Use Sophia to knock out your gen-ed requirements quickly and affordably. Learn more
×

The Normal Distribution

Author: Sophia

what's covered
In this lesson, you will learn about the normal distribution and how to find probabilities using the normal distribution. Specifically, this lesson will cover:

Table of Contents

before you start
This lesson builds on key concepts from an Introduction to Statistics course. Specifically, we will cover the normal distributions, assuming familiarity with this foundational idea.

1. Introduction to the Normal Distribution

Suppose you are a business analyst at a retail store, and you have collected monthly sales data over the past year. You want to analyze this data to understand the sales pattern and find probabilities of obtaining certain sales values. You decide to visualize this data using a histogram, and then draw a curve over the histogram to observe if the curve follows any pattern. The graph is shown below.
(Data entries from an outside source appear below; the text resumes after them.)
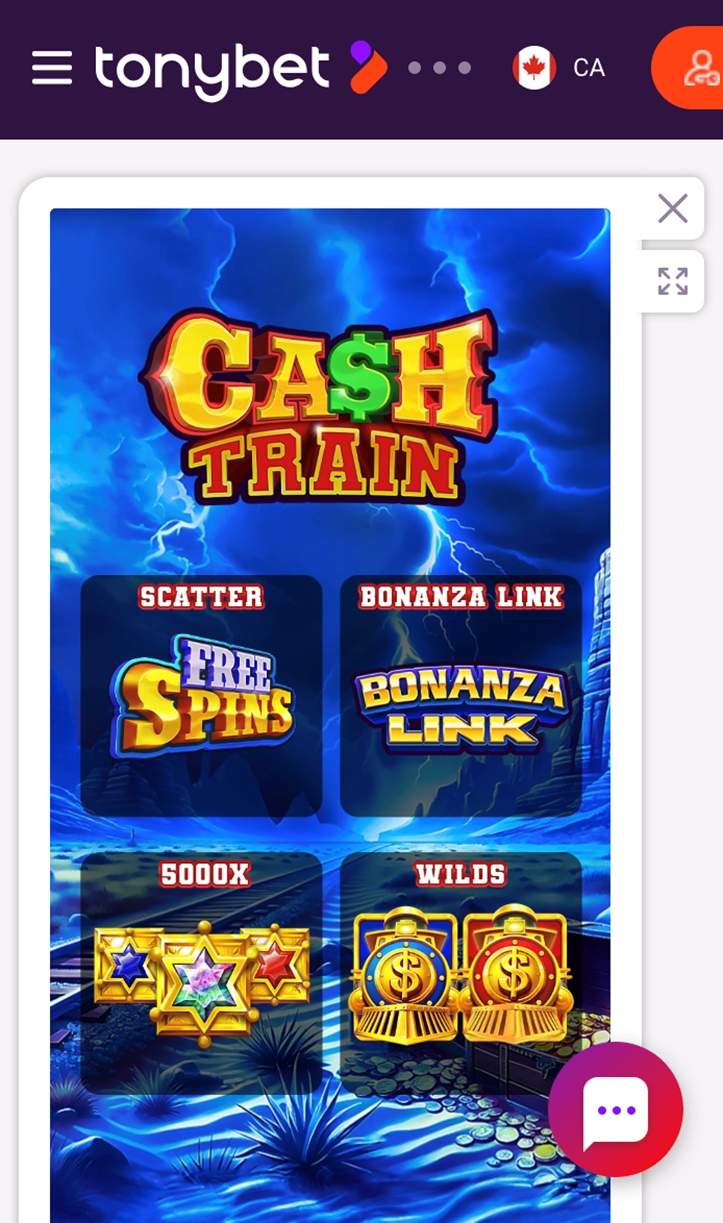 TonyBet Overview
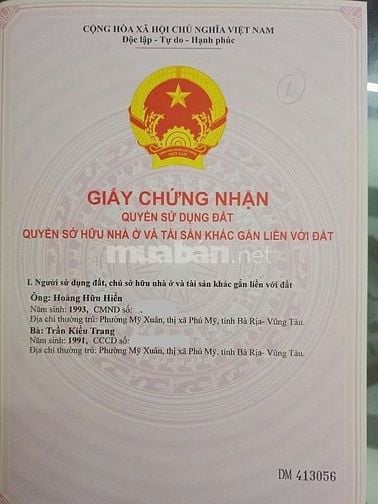 Cần Bán 3 Sào Đất (24m Giá 2tỷ4) Mặt Tiền QL27 – Thôn Tân Mỹ, Xã Mỹ
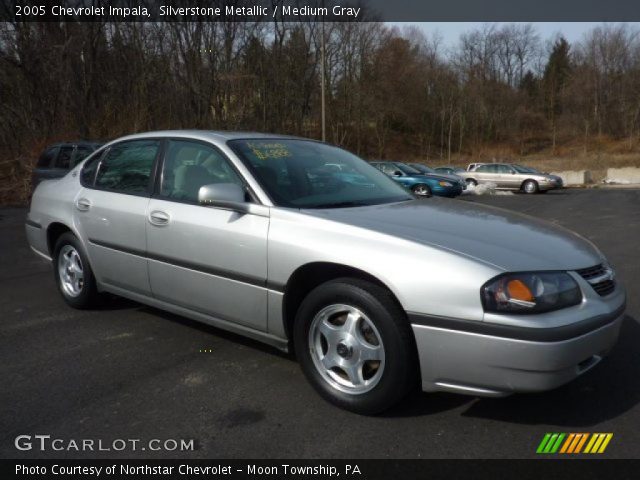 2005 Chevrolet Impala  in Silverstone Metallic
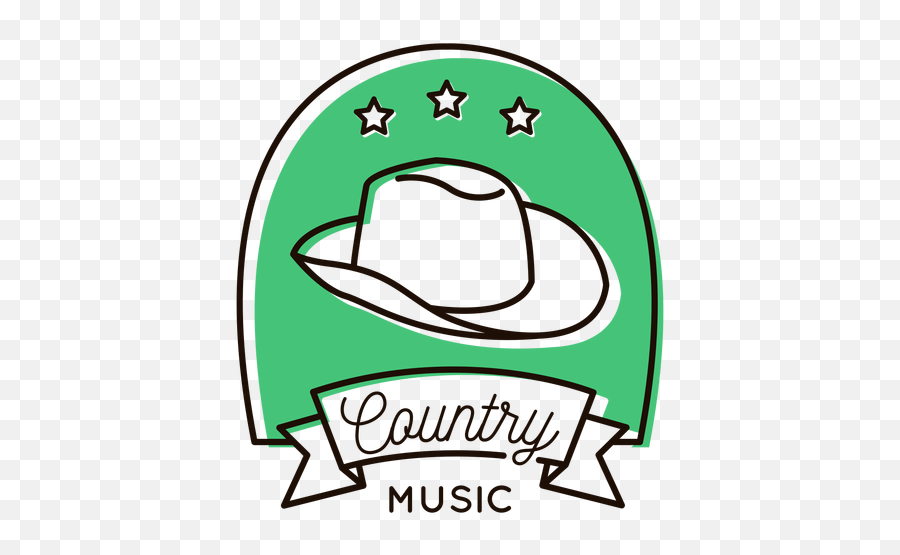 Cowboy Hat Country Music Symbol - Simbolo De La Musica Country Emoji,Png Country
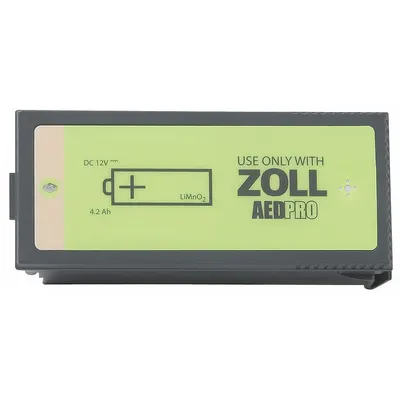 ZOLL Non-Rechargeable Battery Pack: Non-Rechargeable Lithium, 8000-0860-01 - AED Batteries
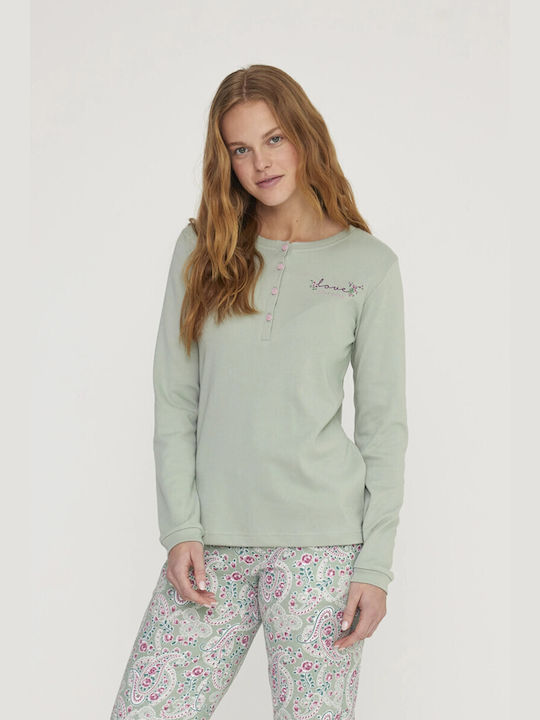 Noidinotte Winter Women's Pyjama Set Cotton Physical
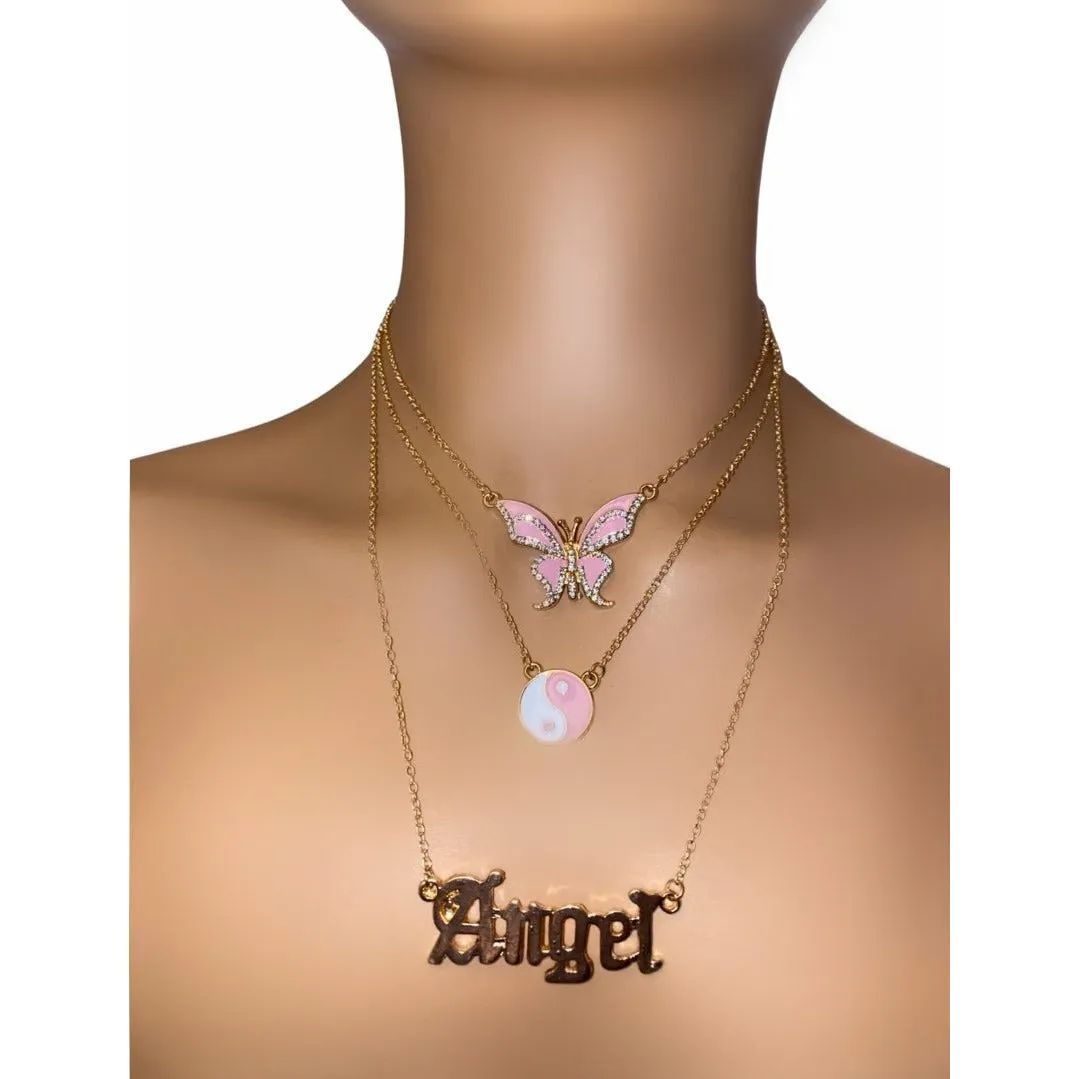 Angel of Mine Necklace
When you observe the histogram and the overlaid curve, you see a bell-shaped, symmetric appearance. This indicates that the sales data follows a normal distribution, meaning:

  • Most sales values cluster around the mean (average monthly sales).
  • The frequency of sales values decreases symmetrically as you move away from the mean.

1a. Normal Distribution

The normal distribution, also known as the Gaussian distribution, is a continuous probability distribution that is symmetrical around its mean. This means that most of the data points cluster around the central peak, and the data values taper off away from the mean equally in both directions. There are different kinds of normal distributions. For example, the figure below illustrates four different normal distributions that have different means and standard deviations.

Below are some key characteristics of the normal distribution.

Symmetrical: The bell-shaped curve is symmetrical around the mean. This symmetry indicates that data points are equally likely to occur on either side of the mean.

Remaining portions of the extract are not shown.